Tag Archives: Parasha

Pomegranates and Bells

Emor sigart by Laya Crust

Torah reading: Emor    (Exodus: 23:1 – 24: 23)

Haftarah: Ezekiel 44: 15-31

The painting for this reading shows the Kohen Gadol in his robes, two ancient artifacts from Temple times, and text from the haftarah describing the clothing of the kohanim. The full description of the priestly clothing can be found in the Book of Exodus,  ch. 28: 2- 38. The detailed description is prefaced with the remark, “And you shall speak to the wise-hearted, whom I have filled with the spirit of wisdom, that they make Aaron’s garments to sanctify him…”  (I always love the way HaShem has imbued artists and crafts people with wisdom and wise-heartedness.)

The ivory pomegranate is famous.

               

Made of hippopotamus bone, it appeared in the antiquities market s in 1977, and was bought by the Israel Museum in 1988 for $55,000. It has an ancient inscription on it reading, “(Belonging) to the House of “Yahweh”, Holy to the Priests.”  There has been some controversy as to whether the ivory pomegranate is a fake or not, but the most recent opinion seems to advocate its authenticity. If you want to read an interesting article about it go to:  http://www.biblicalarchaeology.org/scholars-study/is-the-ivory-pomegranate-a-forgery-or-authentic/

The gold bell I included in the painting was found in Jerusalem, July 2011,  while I was designing this haftarah illustration.

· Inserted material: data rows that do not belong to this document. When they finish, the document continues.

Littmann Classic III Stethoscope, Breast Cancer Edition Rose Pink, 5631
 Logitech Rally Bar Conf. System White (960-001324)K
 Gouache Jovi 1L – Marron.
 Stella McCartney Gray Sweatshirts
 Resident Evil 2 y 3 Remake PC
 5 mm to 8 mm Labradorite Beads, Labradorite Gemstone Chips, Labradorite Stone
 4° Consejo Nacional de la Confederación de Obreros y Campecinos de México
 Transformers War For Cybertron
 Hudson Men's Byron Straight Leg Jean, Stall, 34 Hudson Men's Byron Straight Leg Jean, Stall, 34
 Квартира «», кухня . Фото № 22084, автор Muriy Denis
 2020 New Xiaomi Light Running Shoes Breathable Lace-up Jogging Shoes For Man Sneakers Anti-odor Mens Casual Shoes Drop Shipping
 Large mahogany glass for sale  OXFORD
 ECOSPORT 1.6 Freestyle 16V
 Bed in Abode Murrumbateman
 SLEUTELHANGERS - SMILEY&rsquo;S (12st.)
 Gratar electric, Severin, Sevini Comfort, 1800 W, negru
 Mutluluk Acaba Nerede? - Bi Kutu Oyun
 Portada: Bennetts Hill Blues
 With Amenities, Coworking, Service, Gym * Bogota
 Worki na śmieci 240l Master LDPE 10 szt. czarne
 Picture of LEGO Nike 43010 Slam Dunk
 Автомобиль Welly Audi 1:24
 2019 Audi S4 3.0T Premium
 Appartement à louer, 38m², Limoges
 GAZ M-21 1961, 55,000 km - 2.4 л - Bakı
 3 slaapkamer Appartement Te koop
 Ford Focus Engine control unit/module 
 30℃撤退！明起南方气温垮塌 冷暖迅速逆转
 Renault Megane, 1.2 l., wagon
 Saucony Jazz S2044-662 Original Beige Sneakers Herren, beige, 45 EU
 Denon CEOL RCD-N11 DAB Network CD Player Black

The tiny bell was found in an ancient drainage channel under Robinson’s Arch, right by the Western Wall. In the description of the priest’s robes it says, “And upon the skirts of it thou shalt make pomegranates of blue, and of purple, and of scarlet, round about the skirts thereof; and bells of gold between them round about.” (Exodus 28: 34,36). So – this tiny bell was probably sewn onto the hem of the priest’s robe, alternating with tiny pomegranates. If you want to read more about the find you can go to:

http://www.jpost.com/National-News/2000-year-old-golden-bell-discovered-in-Jerusalem

Concerning the haftarah, Ezekiel was among the 8,000 Jews exiled to Babylonia. He criticized the behaviour of the Jewish people, and also described the duties of the kohanim. In this way he bolstered the confidence of the exiled children of Israel, convincing them that they would return to Israel.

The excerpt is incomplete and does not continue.